TOKYO — An Astroscale spacecraft is continuing to inspect a Japanese upper stage left in low Earth orbit while demonstrating it can do so safely.
Astroscale announced July 9 that its Active Debris Removal by Astroscale-Japan (ADRAS-J) spacecraft conducted a “fly around” maneuver, going part way around the H-2A upper stage it has been inspecting for the last few months. ADRAS-J used sensors to maintain a distance of just 50 meters from the stage.
However, about one third of the way through the maneuver, ADRAS-J encountered what the company called an “unexpected attitude anomaly” that triggered an automatic abort. The spacecraft moved away from the stage as designed to avoid any risk of a collision.
“The abort maneuver implemented during the fly-around operation demonstrated that ADRAS-J can maintain safety even while performing close approach observations of non-cooperative objects,” the company said in a statement, adding that engineers had found the cause of the anomaly and were preparing for another close approach to the stage.
Other than the anomaly, Astroscale says the ADRAS-J mission has been going well. The spacecraft launched in February and reached the vicinity of the H-2A stage in April. It approached to within 50 meters of the stage in May and has been conducting inspections of it since then, leading up to the fly-around maneuver that started June 19.
Nobu Okada, founder and chief executive of Astroscale, showed some of the images of the stage taken by ADRAS-J during a July 8 presentation at the Spacetide conference here. “It was just beautiful,” he said.
The images showed that the stage remained in relatively pristine condition after 15 years in orbit. “These images hold a lot of implications” for future debris removal efforts, he said. Among them is a very low tumbling rate, which he called “almost static.”
Nobu Okada, founder and chief executive of Astroscale, speaks at the Spacetide conference July 8. Credit: SpaceNews/Jeff Foust
In addition to being a technical demonstration of rendezvous and proximity operations (RPO), Okada said ADRAS-J was a policy demonstration, following guidelines for on-orbit servicing released by the Japanese government for safety and transparency. That included getting appropriate permissions, emphasizing safe operations and sharing information about spacecraft operations.

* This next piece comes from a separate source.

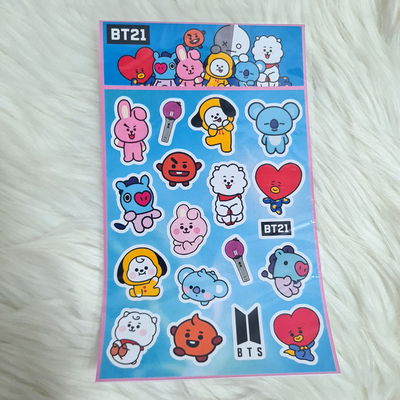 Stickers Plancha papel A5 BTS BT21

ADRAS-J is the first phase of a program by the Japanese space agency JAXA called Commercial Removal of Debris Demonstration. In April, JAXA selected Astroscale for the second phase of the program, where the company will send a spacecraft to the same upper stage for deorbiting it. Astroscale has not released detailed plans for that mission.
While Astroscale operated ADRAS-J, the company also conducted an initial public offering on the Tokyo Stock Exchange Growth Market, a portion of the exchange for companies with higher growth potential but also higher risk. Astroscale soared in its first day of trading June 5, closing up more than 60%. The company has since given back those gains and closed July 9 at 818 yen ($5.07) per share, below its IPO price of 850 yen.
“This shows the global investor community sees the significance of space sustainability but also the market opportunity for on-orbit servicing,” he said if the IPO.
Okada emphasized the company’s growth, noting its backlog has grown from 1.7 billion yen two years ago to 28.5 billion yen today. “By leveraging RPO technologies, we are finally capturing opportunities,” he said. “We are on the cusp of a booming on-orbit servicing market.”